» **Task item**: The expected output is each line below containing "Playa", copied in full.

» **Crawled caption data**:
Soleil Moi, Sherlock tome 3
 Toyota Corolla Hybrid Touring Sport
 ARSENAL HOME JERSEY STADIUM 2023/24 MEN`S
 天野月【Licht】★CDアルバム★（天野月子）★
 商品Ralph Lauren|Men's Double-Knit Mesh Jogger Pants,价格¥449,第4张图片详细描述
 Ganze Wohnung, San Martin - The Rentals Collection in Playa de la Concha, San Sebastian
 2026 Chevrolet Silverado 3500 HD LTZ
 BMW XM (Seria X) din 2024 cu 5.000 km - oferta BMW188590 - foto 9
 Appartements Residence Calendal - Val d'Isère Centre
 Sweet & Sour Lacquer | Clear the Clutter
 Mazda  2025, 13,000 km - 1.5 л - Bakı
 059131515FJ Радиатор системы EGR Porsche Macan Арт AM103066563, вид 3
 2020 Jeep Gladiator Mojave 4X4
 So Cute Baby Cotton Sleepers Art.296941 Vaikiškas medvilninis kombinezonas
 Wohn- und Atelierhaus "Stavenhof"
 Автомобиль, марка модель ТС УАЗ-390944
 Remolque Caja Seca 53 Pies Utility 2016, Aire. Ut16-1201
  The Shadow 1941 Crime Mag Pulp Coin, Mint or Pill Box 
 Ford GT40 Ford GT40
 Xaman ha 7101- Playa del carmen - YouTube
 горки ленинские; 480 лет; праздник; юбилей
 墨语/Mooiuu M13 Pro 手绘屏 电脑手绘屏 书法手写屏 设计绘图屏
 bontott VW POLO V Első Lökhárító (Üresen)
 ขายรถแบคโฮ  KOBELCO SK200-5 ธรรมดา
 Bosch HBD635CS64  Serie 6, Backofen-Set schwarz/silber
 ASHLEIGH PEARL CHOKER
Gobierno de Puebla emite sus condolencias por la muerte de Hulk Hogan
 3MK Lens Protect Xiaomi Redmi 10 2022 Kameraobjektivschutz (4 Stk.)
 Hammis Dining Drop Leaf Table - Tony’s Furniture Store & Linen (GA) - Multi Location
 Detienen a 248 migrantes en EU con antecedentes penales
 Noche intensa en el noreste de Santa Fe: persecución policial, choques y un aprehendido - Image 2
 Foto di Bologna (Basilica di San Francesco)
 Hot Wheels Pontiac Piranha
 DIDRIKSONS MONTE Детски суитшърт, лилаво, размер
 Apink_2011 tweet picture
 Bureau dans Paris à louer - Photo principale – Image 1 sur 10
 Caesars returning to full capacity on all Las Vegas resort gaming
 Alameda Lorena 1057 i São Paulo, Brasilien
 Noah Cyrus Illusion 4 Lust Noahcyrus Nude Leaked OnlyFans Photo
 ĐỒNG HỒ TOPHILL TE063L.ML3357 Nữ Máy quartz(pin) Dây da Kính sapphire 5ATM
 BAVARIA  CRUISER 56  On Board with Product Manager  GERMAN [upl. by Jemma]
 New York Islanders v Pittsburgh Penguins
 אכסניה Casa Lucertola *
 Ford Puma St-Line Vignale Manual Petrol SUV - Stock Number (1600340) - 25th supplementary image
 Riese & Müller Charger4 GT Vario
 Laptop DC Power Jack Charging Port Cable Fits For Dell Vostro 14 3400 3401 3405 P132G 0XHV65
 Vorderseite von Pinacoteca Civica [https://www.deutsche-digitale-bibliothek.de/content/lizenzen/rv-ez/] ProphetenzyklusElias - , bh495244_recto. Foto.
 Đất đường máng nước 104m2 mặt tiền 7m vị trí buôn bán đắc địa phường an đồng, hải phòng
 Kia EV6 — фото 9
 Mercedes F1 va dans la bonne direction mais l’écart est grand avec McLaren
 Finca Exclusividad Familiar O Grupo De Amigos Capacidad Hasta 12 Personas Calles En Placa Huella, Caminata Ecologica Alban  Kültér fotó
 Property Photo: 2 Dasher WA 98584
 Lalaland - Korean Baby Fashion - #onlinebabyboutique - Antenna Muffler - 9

» **Solution**:
 Ganze Wohnung, San Martin - The Rentals Collection in Playa de la Concha, San Sebastian
 Xaman ha 7101- Playa del carmen - YouTube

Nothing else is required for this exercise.